‘Business Decision’ Doesn’t Diminish Wallace’s Six Great Years

By Rob Parker
Updated: July 5, 2006

DETROIT — The initial response to Ben Wallace’s exit from Detroit was probably good riddance.

After all, Wallace took the bigmoney and ran, breaking up the best group since The Beatles.

In reality, Pistons fans should simply wish Big Ben good luck.

It would be silly to be upset at Wallace for taking a four-year, $60 million deal from the Bulls. The offer made by the Pistons — a reported $49.6 million for four years — was respectable, but not enough.

This was all about business, not basketball.

“I appreciate everything that happened in Detroit,” Wallace said. “Fans supported me 100 percent. They adopted me as one of their sons. I’m thankful for that.”

Without question, Wallace was the cornerstone of a beautiful six-year run that helped turn the Pistons from wanna-bes into champions.

The last five years, in fact — five straight 50-plus victory seasons and four straight trips to the Eastern Conference finals — elevated the Pistons to yet another level — the elite.
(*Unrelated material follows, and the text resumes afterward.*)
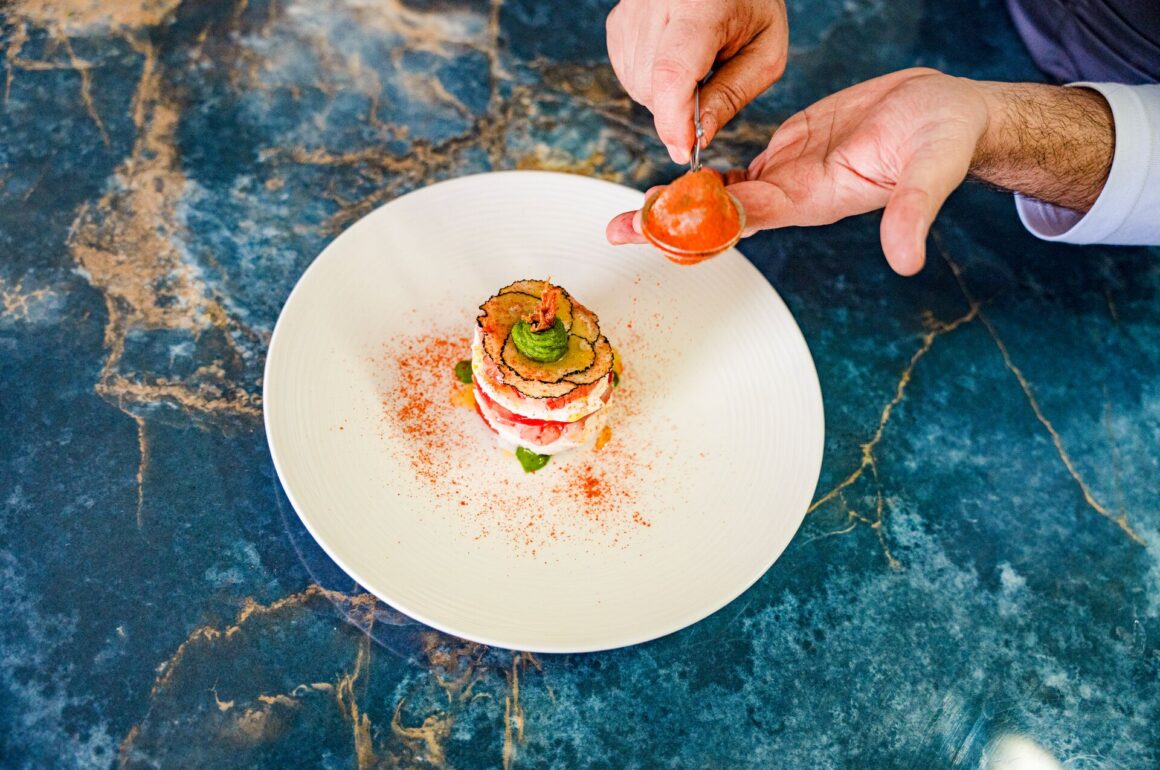 Tow hands prepare to place a tomato onto a delicate colourful stack of food on a white dish, on a blue marble tabletop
When we look back at what we’ve watched, it will give us a warm feeling inside and make us relish the memories Ben and Co. delivered.
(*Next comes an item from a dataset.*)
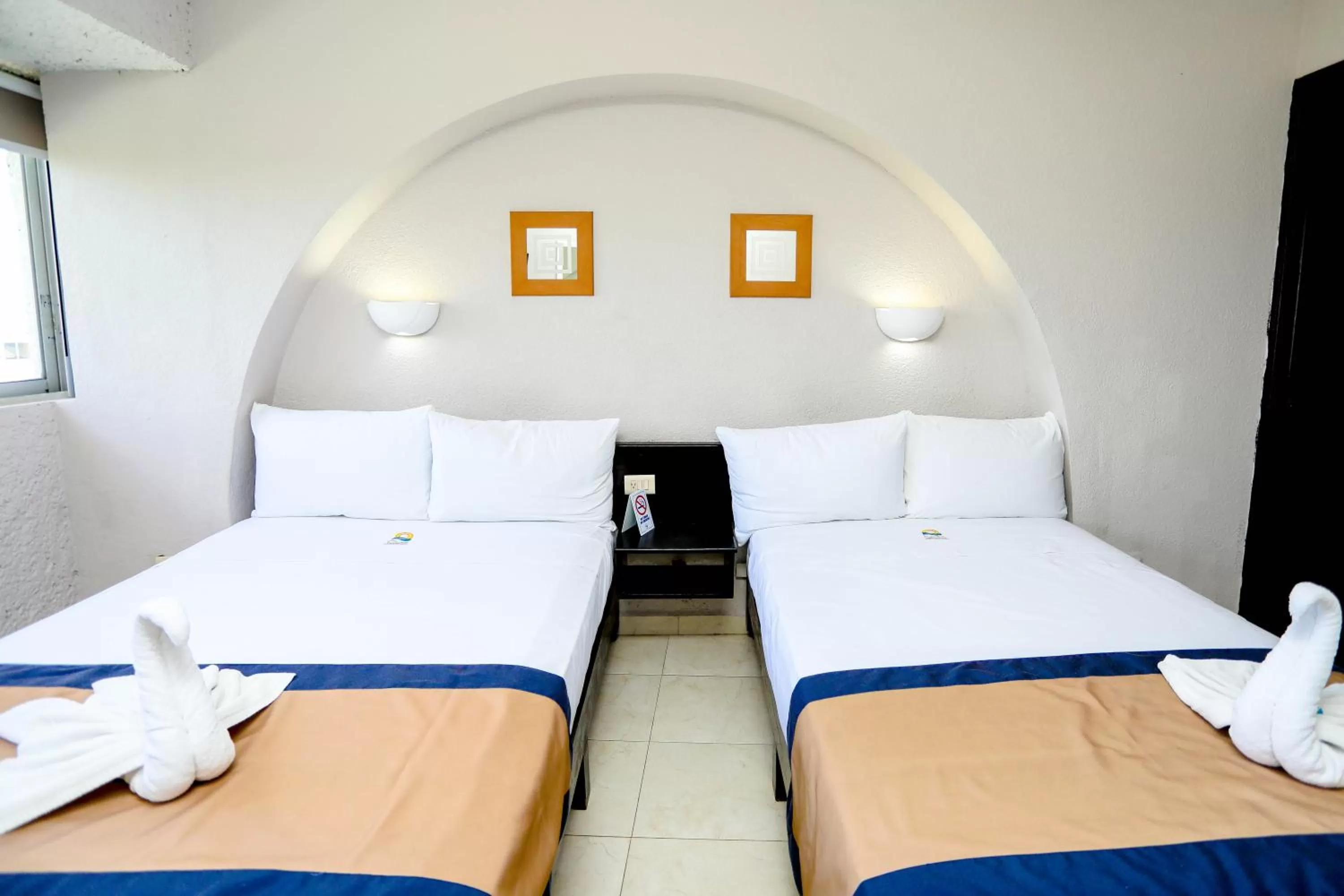 Bed in Hotel Caribe Internacional Cancun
Best of all, Wallace embraced and represented this city well. He was what we’re all about — working hard and getting the job done even when the odds are stacked against us.

Seeds of a championship

Let’s face it, the only thing more shocking than the Bulls breaking their bank for Wallace is what Big Ben accomplished during his stay in Motown.

Nobody, except maybe team president Joe Dumars, could have known what Wallace would do when he came here along with Chucky Atkins in the sign-and-trade deal with the Orlando Magic for Grant Hill.

At that point, Wallace, an undrafted player out of Virginia Union, hadn’t played that much, first with Washington and then the Magic.

Admit it, you probably said, “Ben who?” when the Pistons made the move.

Well, Wallace turned out to be the first building block this franchise needed.

If you were going to win, you had to be able to play defense. No players gave more of themselves on defense than Wallace. That’s why he’s been named defensive player of the year four of the last five seasons.

We’ll always have memories

Sure, it won’t be the same around The Palace. There won’t be Big Ben’s bell. The Afro wigs will be missing. We won’t hear PA announcer John Mason say “BBBBBBen Wallace” anymore.

Still, it’s better to have had something so special and lose it than to never have had it at all.

“It’s nothing personal,” Wallace said. “It’s a business decision.”

That’s why you have to pull for Wallace to succeed in Chicago — except, of course, when the Bulls play the Pistons.